Transferring Word docs to FP

T

Terry Pinnell

Quite a lot of my client's input is in the form of nicely-formatted
Word documents, with tables etc. I had the devil's job with the first
of these I worked on a few months ago, after first using Word's
File|Save As|HTM. The resultant code had a lot of very strange stuff
in it. This time I reckon I'll save as text and then piece it together
in FP via the clipboard.

What approach do more experienced FP users take please?
 
J

Jim Buyens

I usually copy from Word, paste to Notepad, copy from
Notepad, and paste to FrontPage.

You might also want to try pasting directly from Word,
and then click the Paste Options button and choose either
Use Destination Styles or Keep Text Only. (The Paste
Options button is the little doohickey that appears near
the lower right corner of something you've just pasted.)

FP2003 has some special features for removing extraneous
HTML that Word puts in. If you can upgrade, that's worth
a try.

You might also want to try the SuperRemoveFormatting
macro downloadable from
http://www.interlacken.com/fp2002/newgizmos/default.htm.

Jim Buyens
Microsoft FrontPage MVP
http://www.interlacken.com
Author of:
*========----------
|\=========------------
|| Microsoft Office FrontPage 2003 Inside Out
|| Microsoft FrontPage Version 2002 Inside Out
|| Web Database Development Step by Step .NET Edition
|| Troubleshooting Microsoft FrontPage 2002
|| Faster Smarter Beginning Programming
|| (All from Microsoft Press)
|/=========------------
*========----------
 
A

ai429

This is a great question. I just posted a similar problem
moments ago. In my situation, not only did Word create
alien code in my Web page, it restructured the directories
in my FrontPage site by creating a folder called
[site]_files, added XML files, and then it deleted my
images folder and all it's contents. That's right!

Unless someone has a better solution to your and my
problem, I might suggest you have Word save the file as
html and then use Macromedia DreamweaverMX to clean up the
mess.

Regards
 
J

JL Amerson

I'm not a "more experienced" user but I'd have saved the file as a .pdf and
posted that. Two steps and it's a done deal.
 
T

Terry Pinnell

Jim Buyens said:
I usually copy from Word, paste to Notepad, copy from
Notepad, and paste to FrontPage.

Thanks a lot, appreciate the help Jim. That's what I'm trying to do
right now. Please see my post (minutes before seeing this) asking why
it doesn't work the way I expect. IOW, why do paragraph marks show up
in FP 2000 as 'soft returns', not paragraph breaks? Makes BIG
diffrence to degree of editing needed...
You might also want to try pasting directly from Word,
and then click the Paste Options button and choose either
Use Destination Styles or Keep Text Only. (The Paste
Options button is the little doohickey that appears near
the lower right corner of something you've just pasted.)

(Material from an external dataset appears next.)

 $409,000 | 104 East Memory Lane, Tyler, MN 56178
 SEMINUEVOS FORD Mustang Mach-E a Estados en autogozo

That's a revelation - but I can't find anything like that! Can you
spell it out please? Here, I copy a piece of text in Word 2000, go to
FP 2000, position my cursor, Ctrl+v to paste it. And I just get the
text (complete with wrong sort of para marks). No sign of any 'paste
options doohickey. The only options I get are if, instead of usingthe
plain Paste command, I use Paste Special, which brings up a window
'Conver Text' with 5 options. But none of those get me the para marks.
FP2003 has some special features for removing extraneous
HTML that Word puts in. If you can upgrade, that's worth
a try.

You might also want to try the SuperRemoveFormatting
macro downloadable from
http://www.interlacken.com/fp2002/newgizmos/default.htm.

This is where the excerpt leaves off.